§ HOW TO COMPLETE THIS TASK
Using the entries that follow, transcribe only the lines from the line with "A famille rose" to the line with "istock Young smiling", both included, exactly as they stand and without pictures.

+++ DATASET EXCERPTS +++

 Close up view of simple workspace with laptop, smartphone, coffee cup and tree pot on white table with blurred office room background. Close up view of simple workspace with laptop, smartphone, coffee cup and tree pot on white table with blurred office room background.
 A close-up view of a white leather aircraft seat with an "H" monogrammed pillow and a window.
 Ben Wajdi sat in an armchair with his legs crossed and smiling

+++
+++ DATASET EXCERPTS +++

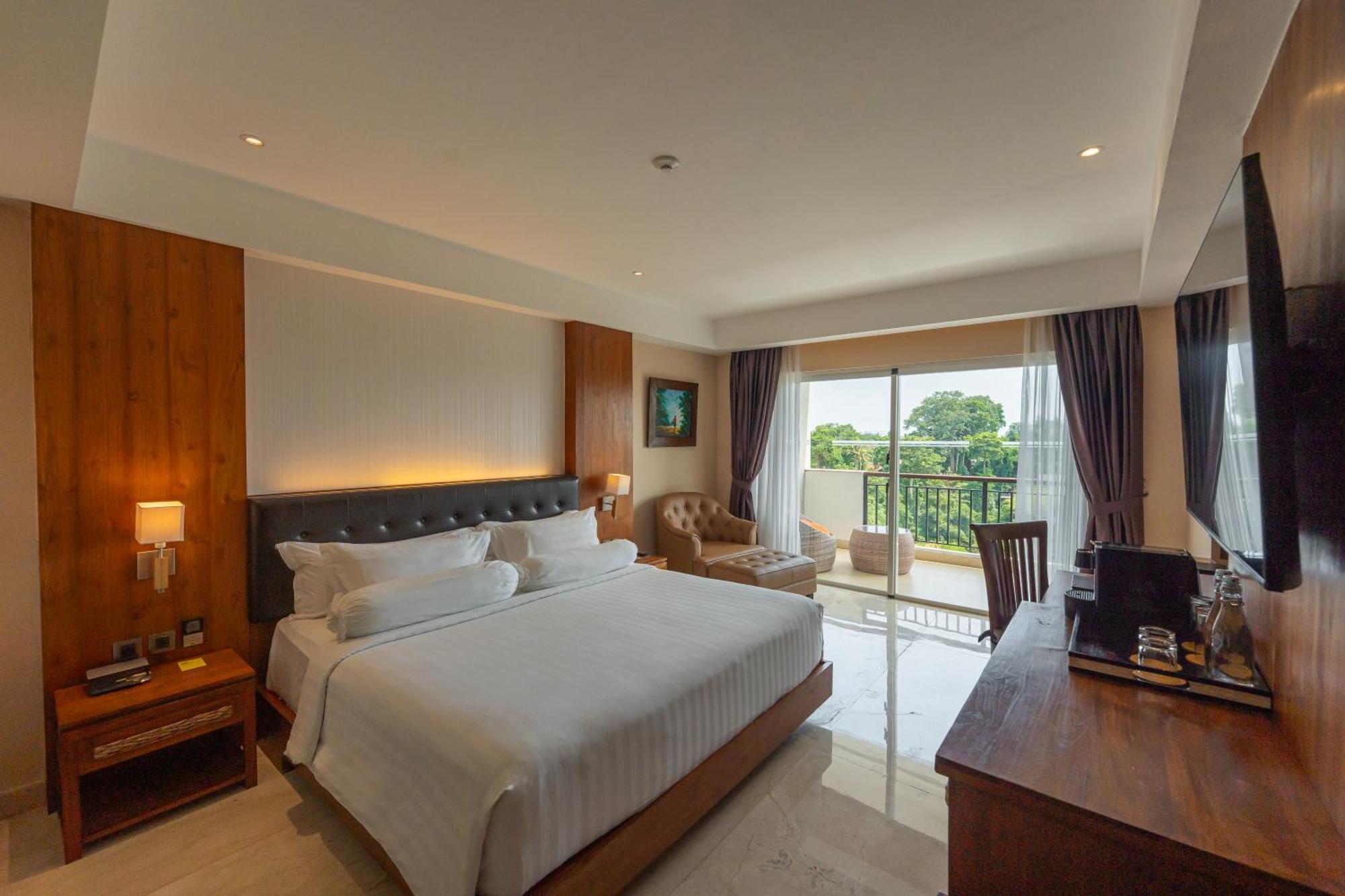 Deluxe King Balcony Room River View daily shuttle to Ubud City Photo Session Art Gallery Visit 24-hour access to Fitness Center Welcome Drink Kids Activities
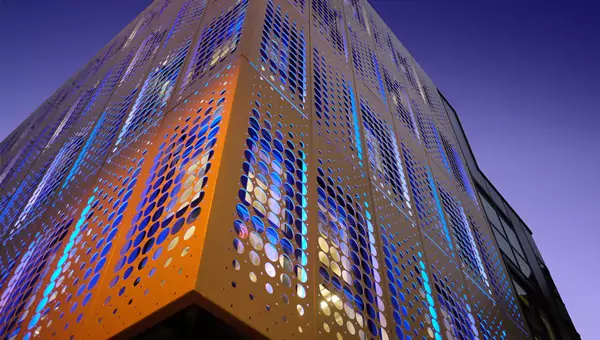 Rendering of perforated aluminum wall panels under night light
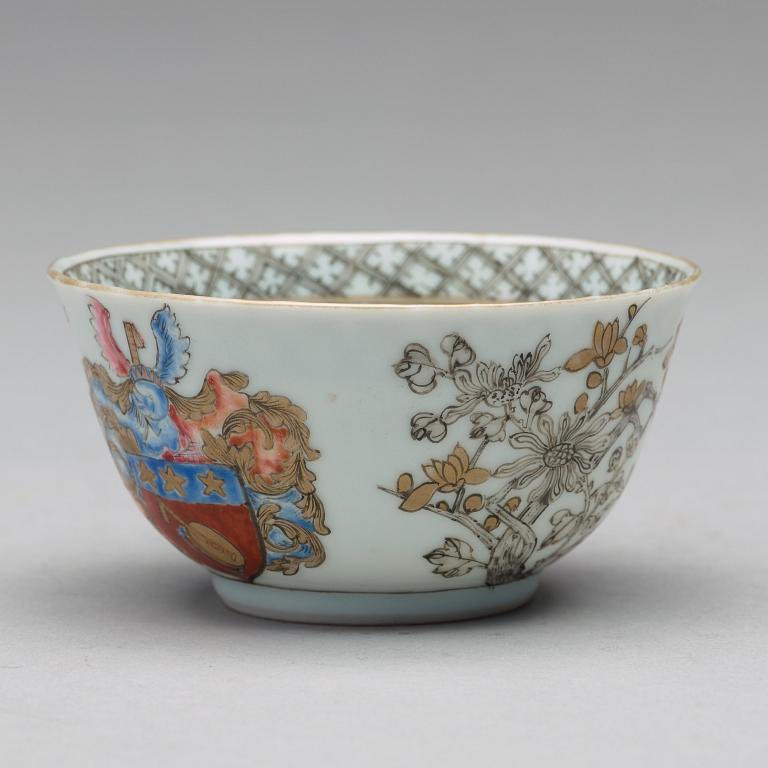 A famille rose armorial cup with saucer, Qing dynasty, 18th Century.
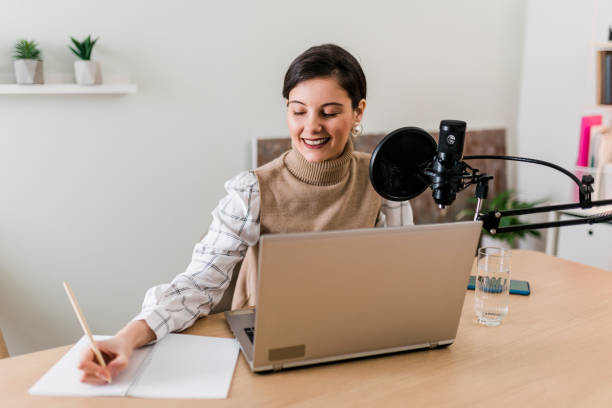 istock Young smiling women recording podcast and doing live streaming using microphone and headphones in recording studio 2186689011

+++
+++ DATASET EXCERPTS +++

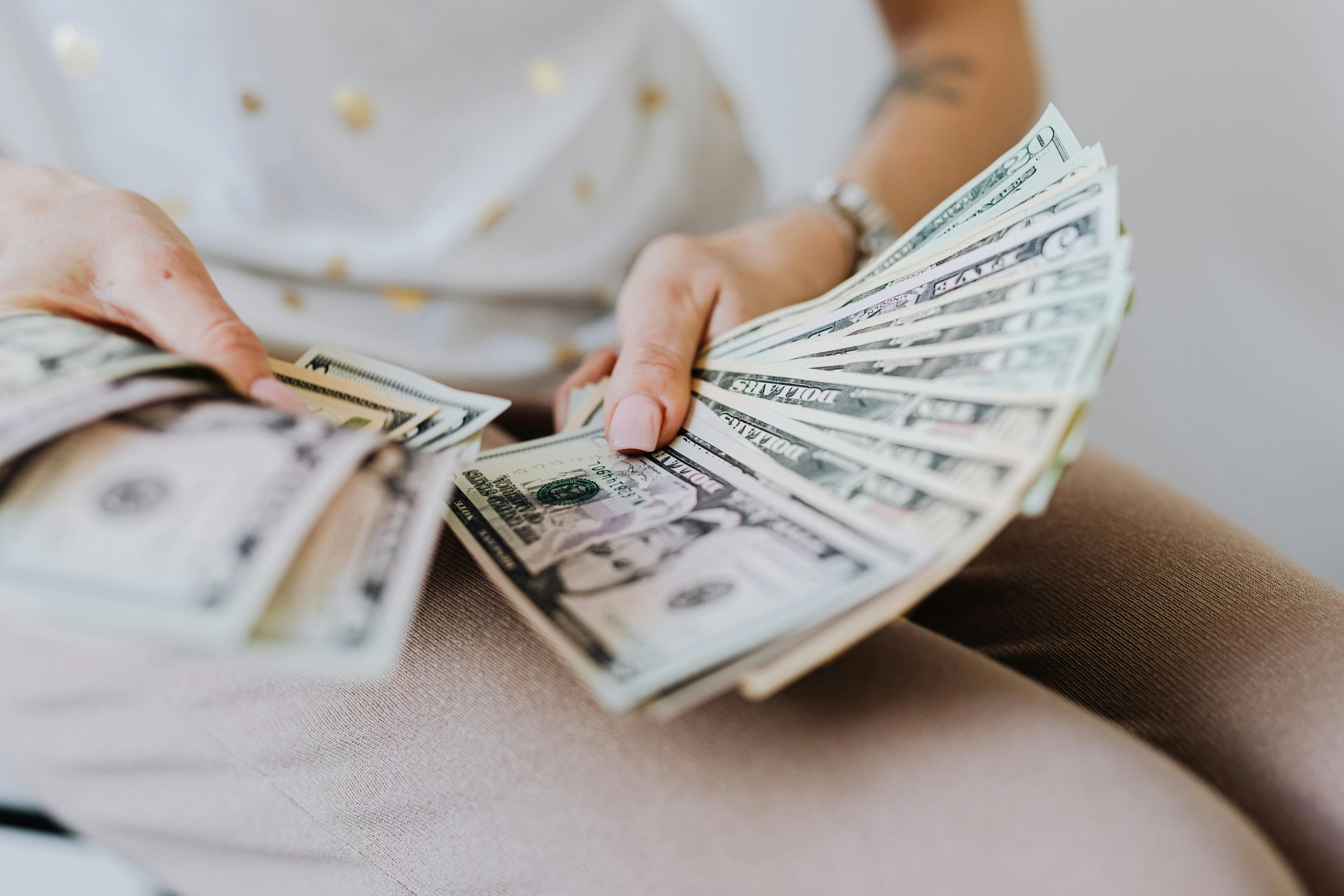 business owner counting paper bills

+++

§ TASK ANSWER
 A famille rose armorial cup with saucer, Qing dynasty, 18th Century.
 istock Young smiling women recording podcast and doing live streaming using microphone and headphones in recording studio 2186689011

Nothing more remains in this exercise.